* Thailand population ageing at the fastest rate in Southeast Asia
* Thailand attracting surging numbers of foreigner retirees
* Large-scale investment going into Thai aged care facilities
By Chayut Setboonsarng and Panarat Thepgumpanat
BANGKOK, April 11 (Reuters) - At 79, Thai businessman Boon Vasin's latest $500 million venture is a bet on a market he knows well - looking after Thailand's rapidly growing population of old people.
Not only is Thailand ageing faster than its neighbours, but it is also becoming an increasingly popular retirement option for foreigners attracted by its agreeable climate, low living and health costs and culture of service.
"We will look after them from their waking hours until they go to sleep," said Boon, chairman of the Thonburi Healthcare Group Pcl. "This group has big spending capacity."
His Jin Wellbeing County is a 'medical city' for Thai and foreign retirees being built across more than two hectares (5 acres) on the outskirts of Bangkok.
The first of nearly 500 housing units being sold in an initial phase are being marketed for nearly $130,000, plus additional fees of 7,000-8,000 baht ($224 - $385) a month for meals and services ranging from fitness sessions to excursions.
Boon predicts care services will yield recurring profits of up to 240 million baht each year from the project, plus unit sales and medical services.
Together with China, Thailand is aging much faster than its regional neighbors. By 2040 it is expected to have the highest share of elderly people of any developing country in East Asia, according to the World Bank.
Thailand has 7.5 million people aged 65 and over, a figure projected to swell to 17 million by 2040 - more than a quarter of the expected population.

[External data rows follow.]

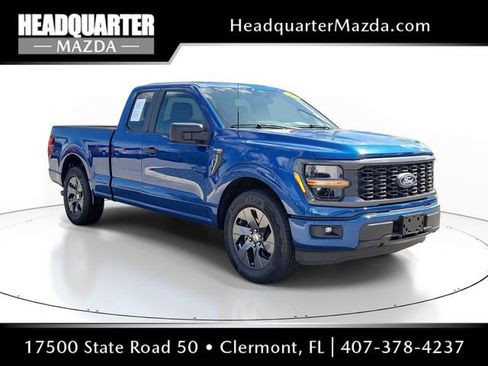 Used 2025 Ford F150 STX w/ Equipment Group 200A RWD image 1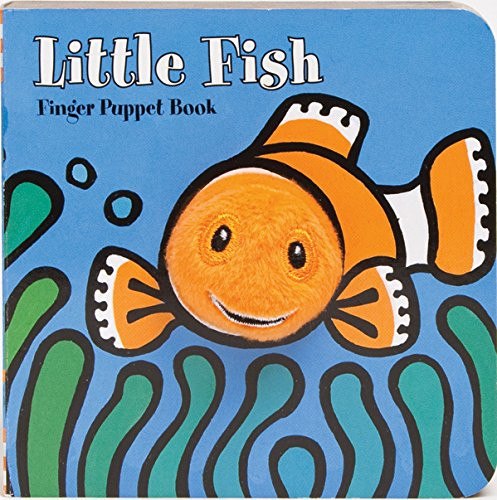 Little Fish: Finger Puppet Book (Little Finger Puppet Board Books)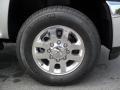 Sheer Silver Metallic - Silverado 2500HD LTZ Extended Cab 4x4 Photo No. 26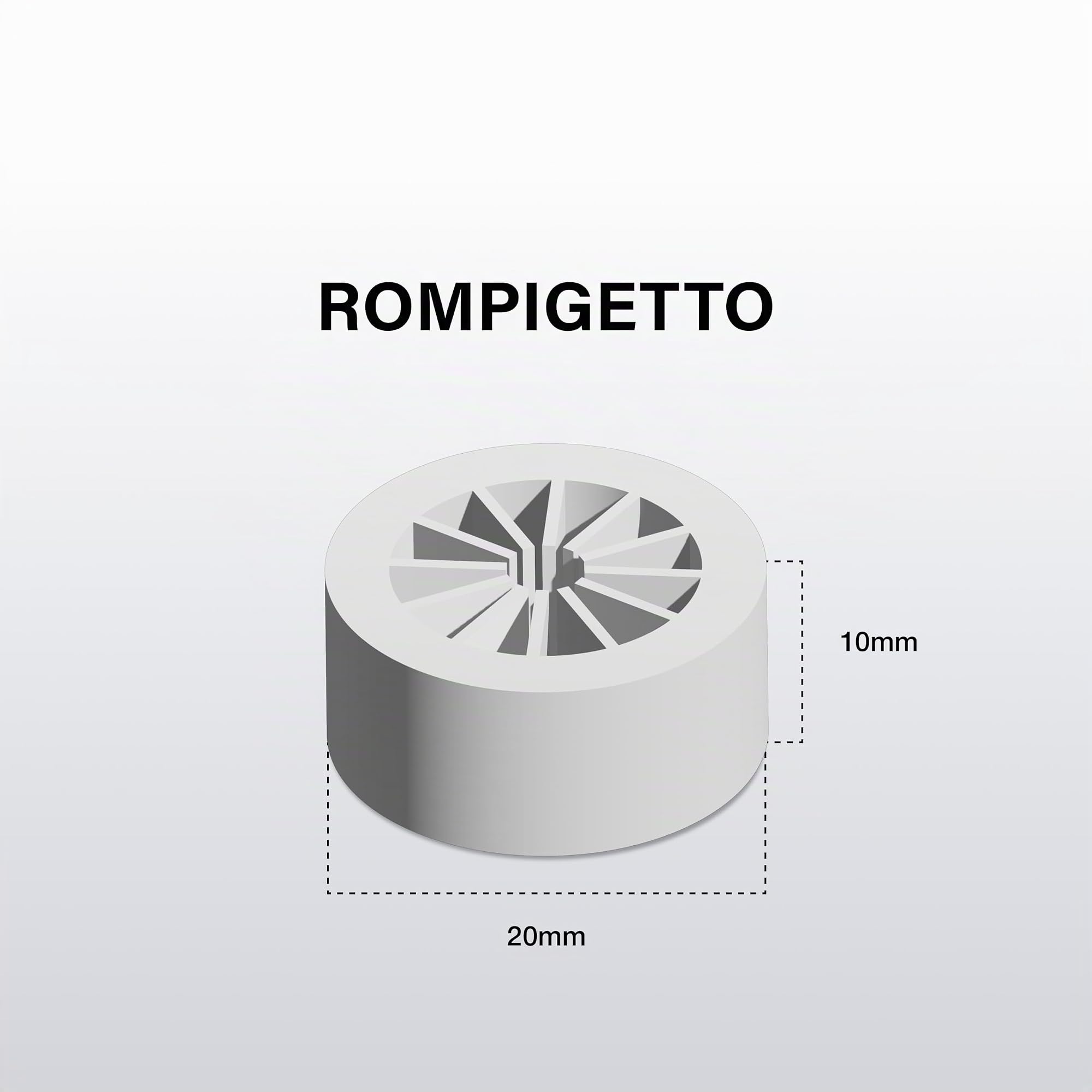 Bioh - Filtro Acqua per Rubinetto: Kit 100pz. Aeratori Rompigetto Batteriostatici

That's partly due to improving medical care extending life expectancies, but also a fall in birth rates from an average of more than six children per woman in 1960 to 1.5 in 2015.
In the past, generations of the same Thai family lived under the same roof and ederly were cared for by their offspring. But the changing population balance as well as a shift from the countryside to towns means that's increasingly impractical.
Real estate developers are already tapping the market.
A residential project worth $160 million by developer Magnolia Quality Development Corporation, which is scheduled to open in 2022, will include a wellness centre offering elderly care services with specialists in areas such as dementia, said chief executive Visit Malaisirirat.
All the homes in SC Asset Corporation Pcl's $350 million luxury brand are equipped with designs aimed at the elderly, the group's marketing head, Nattagit Sirirat, told Reuters.
This includes shock absorbent floors and wheelchair access.
"We worked with Siam Cement, which designed a shock absorbing compound to use in flooring," he said. The company was "closely studying retirement homes and communities" and was considering a partnership with a local private hospital operator to build a retirement community, he added, while declining to divulge predicted returns.
For his care home, Boon is focusing on people with an income of over 100,000 baht a month - and not just Thais. The aim is to sell at least 20 percent of the project to foreigners, who are targeted along with locals in marketing materials.
"We have Chinese and Japanese buyers who are interested," he said.
Boon has partnered with a Chinese agent, Shanghai Losen Sale, to sell 90 units worth 671 million baht to Chinese customers.
Thailand did not make the top ten list of International Living's 2018 index for the best places to retire for U.S. expats. Costa Rica was at number one and neighboring Malaysia at number five.
International Living described Malaysia as "easy, English-speaking and First World." English is still not widely spoken in Thailand, particularly outside of the major cities.
The state has tried to address this by promoting English as a second language.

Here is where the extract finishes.